Metadata caching stores information about your databases, tables, columns, and schemas. This is lighter-weight but critical for dashboard load times. When you open a dashboard editor, Superset needs to know what tables are available; without caching, this becomes a repeated database scan.

Filter and chart state caching preserves the state of filters and chart parameters, reducing the need to recalculate these on every page load.

The official Apache Superset caching documentation details how Flask-Caching powers all of this. Under the hood, Superset uses Flask-Caching as its abstraction layer, which supports multiple backends: simple in-memory caching (dangerous at scale), filesystem caching (slow and not distributed), and Redis (fast, distributed, and what you should use in production).

Redis acts as a centralized cache store that all Superset instances can read from and write to. If you run three Superset application servers behind a load balancer, they all hit the same Redis instance, ensuring consistency and eliminating duplicate queries.

Setting Up Redis for Superset: The Foundation

You need Redis running and accessible to your Superset instances. If you’re on Kubernetes, this is a Helm chart. If you’re on AWS, ElastiCache. If you’re self-hosted, a dedicated Redis server or cluster.

The minimum viable Redis setup for Superset is straightforward:

REDIS_HOST=your-redis-endpoint.redis.cache.amazonaws.com
REDIS_PORT=6379
REDIS_DB=0
REDIS_PASSWORD=your-secure-password

In your Superset superset_config.py, you’d configure the cache backend like this:

CACHE_CONFIG = {
    "CACHE_TYPE": "RedisCache",
    "CACHE_REDIS_URL": "redis://:password@host:6379/0",
    "CACHE_DEFAULT_TIMEOUT": 300,  # 5 minutes default
}

But this is where most teams stop, and where performance problems begin. The default timeout is 5 minutes, which might be fine for light usage but becomes a liability under concurrency. Default connection pooling doesn’t account for bursty traffic. Memory eviction isn’t configured, so Redis can run out of space.

Let’s talk about what actually matters for high-concurrency deployments.

Tuning Redis Memory and Eviction Policies

Redis stores everything in RAM. This makes it fast but means you need to be deliberate about memory allocation and what happens when you run out of space.

Memory allocation depends on your query result size and cache TTL (time-to-live). A rough estimate: if you have 50 active dashboards, each with 10 charts, and each chart result is 500KB, you’re looking at 250MB of cache data.

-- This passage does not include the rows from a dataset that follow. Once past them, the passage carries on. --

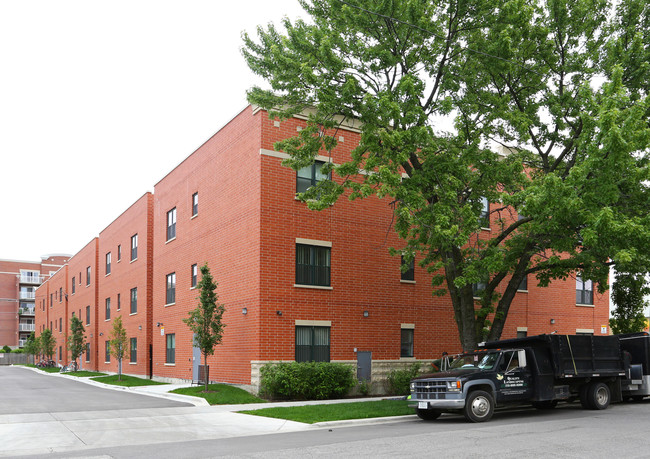 6602-6622 W Diversey Ave in Chicago, IL - Building Photo - Building Photo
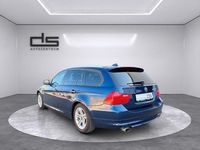 Gebraucht BMW 320 184 PS (135 kW) 2010 Blau Kombi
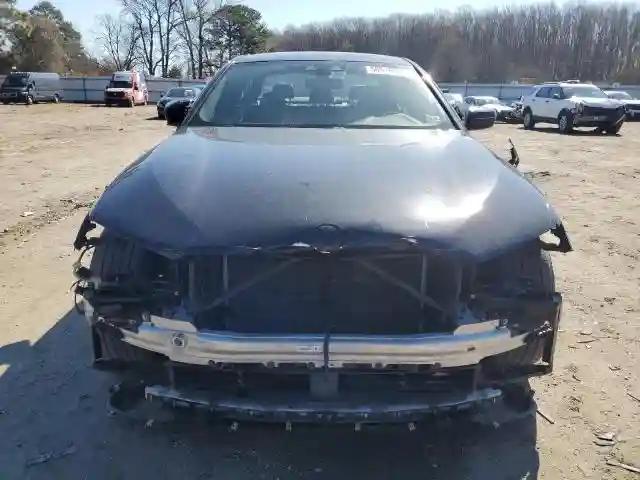 WBAJA5C57KWW09248 2019 BMW 5 SERIES-4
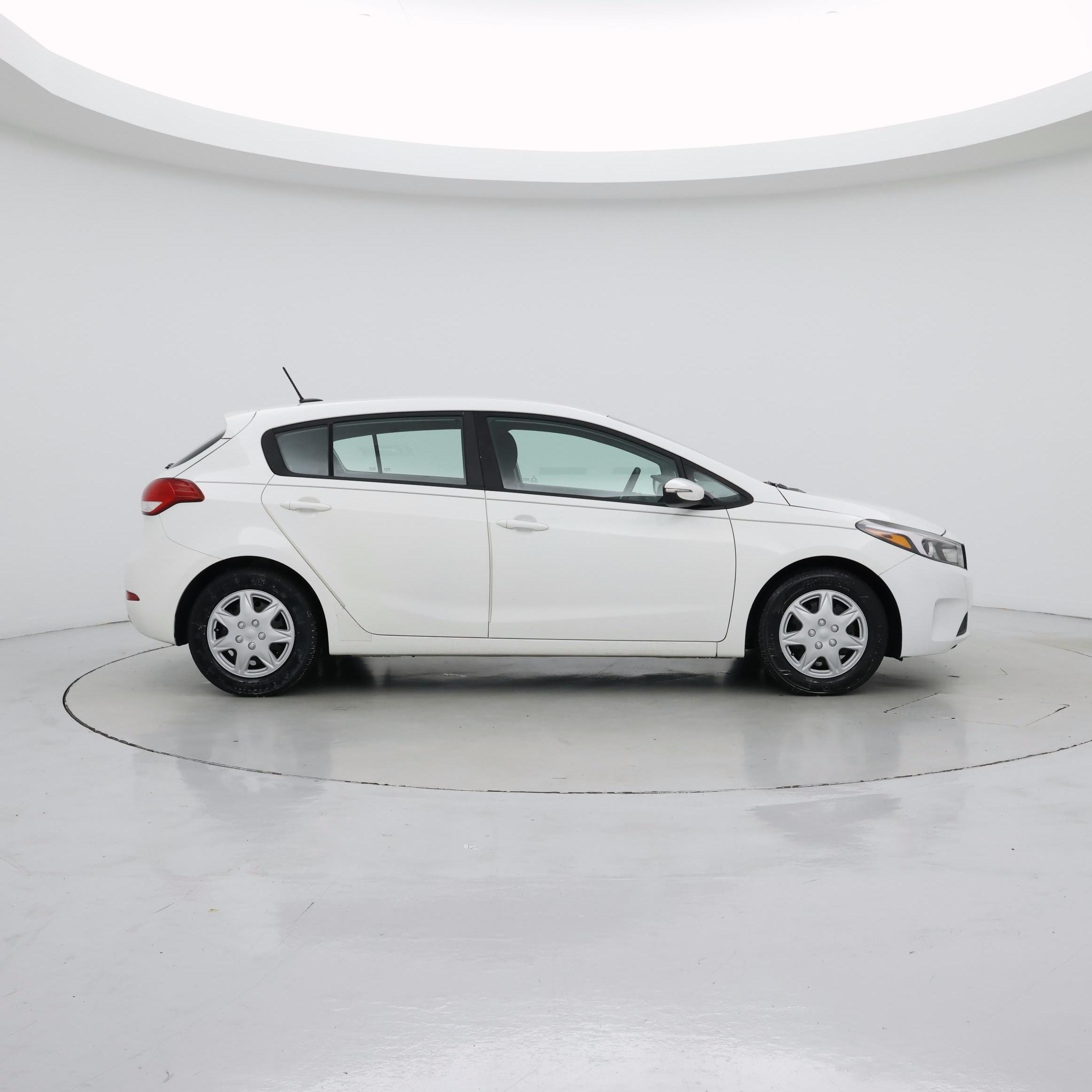 Thumbnail: 2017 Kia Forte - 7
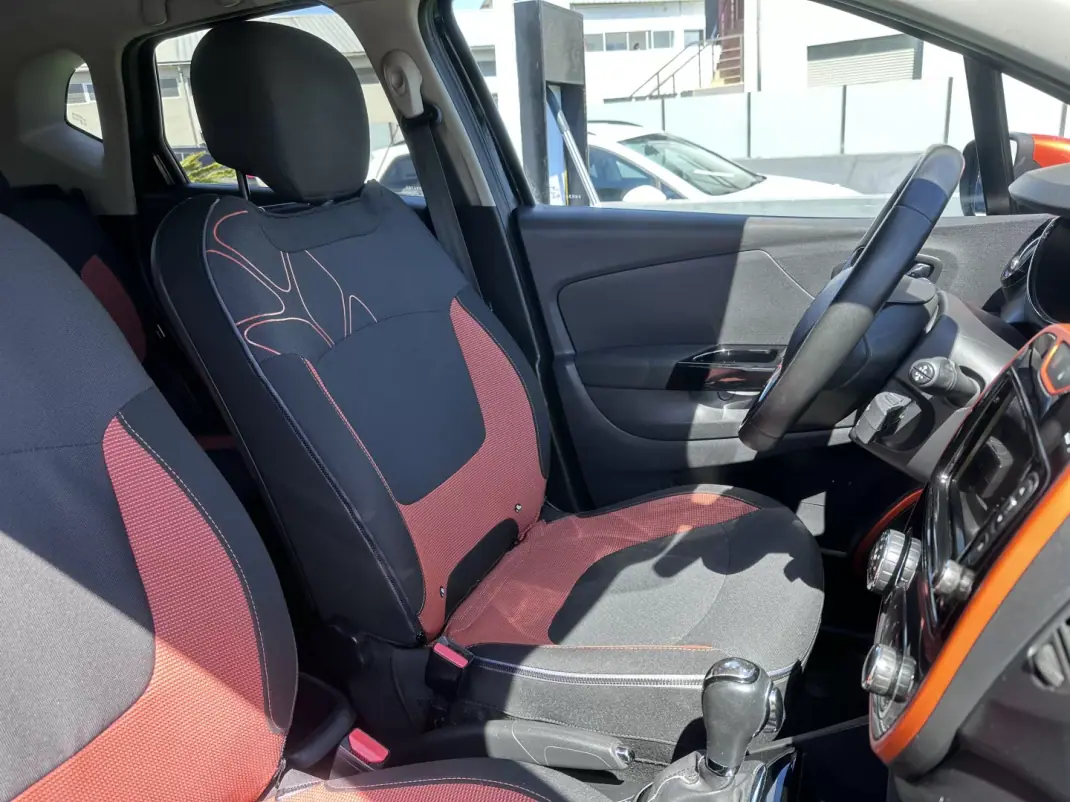 Renault Captur 2014 - 9900 EUR, 217000 km - AUTO.MOTO.pt - 217000km - foto 55 de 60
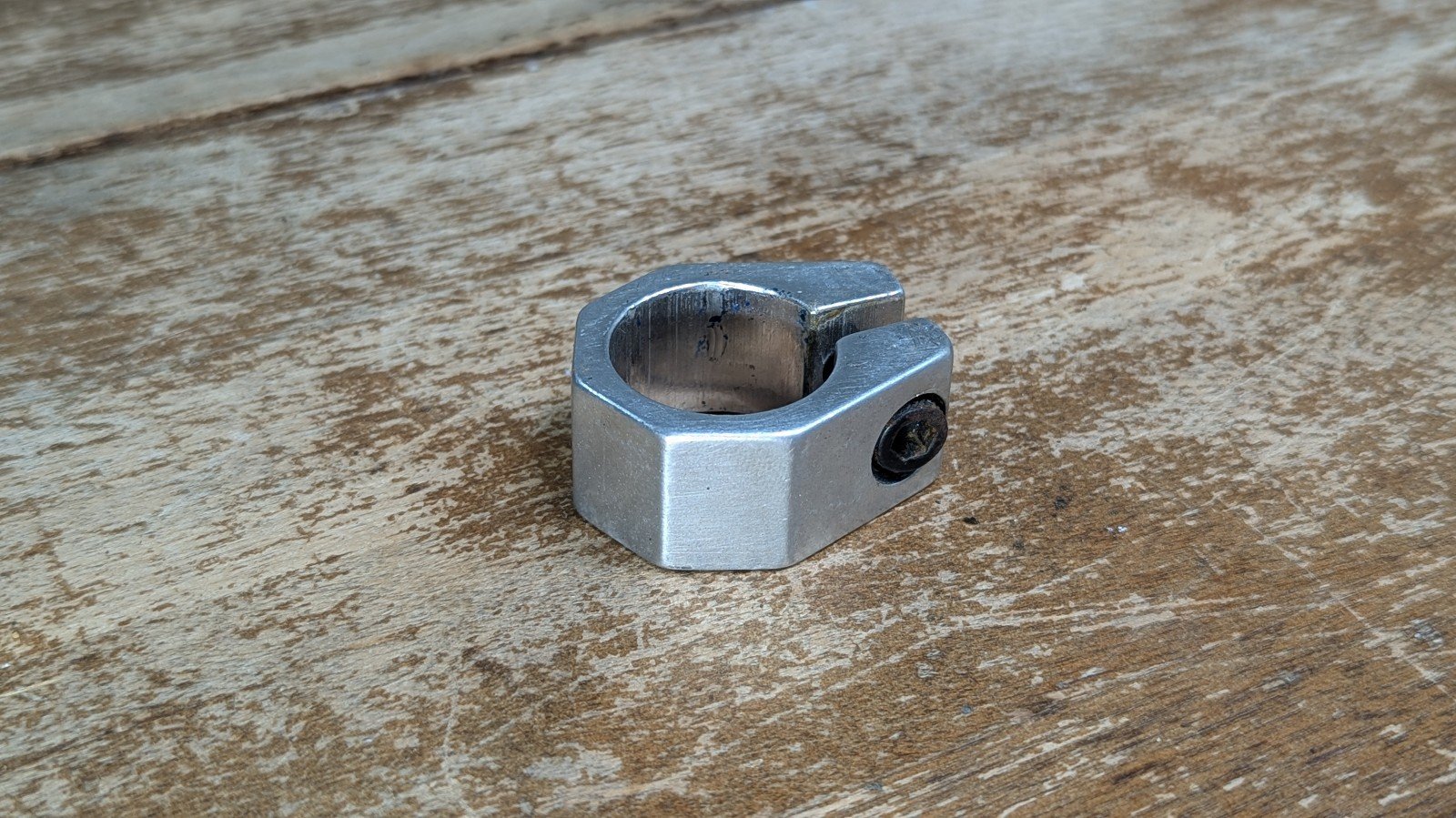 retro mongoose BMX seat clamp 1990s chrome 25.4 rare nice condition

Add 50% overhead for Redis internals, and you need at least 400MB. In production, allocate 2-3x your expected working set. If your dashboards are heavy (large result sets, many charts), this grows quickly.

The harder decision is eviction policy. When Redis hits its memory limit, it needs to decide what to delete. The default policy (noeviction) just refuses new writes, which breaks caching. You want an eviction policy that’s intelligent about what gets removed.

maxmemory 2gb
maxmemory-policy allkeys-lru

This tells Redis: “When you hit 2GB, remove the least-recently-used keys.” LRU (Least Recently Used) works because frequently-accessed dashboard results stay cached, while old or rarely-used results get evicted. This is the right policy for Superset in almost all cases.

Alternatively, allkeys-lfu (Least Frequently Used) evicts based on access frequency rather than recency. This is slightly better if you have a few “power user” dashboards that should always be cached, but it’s more computationally expensive and the difference is marginal in practice.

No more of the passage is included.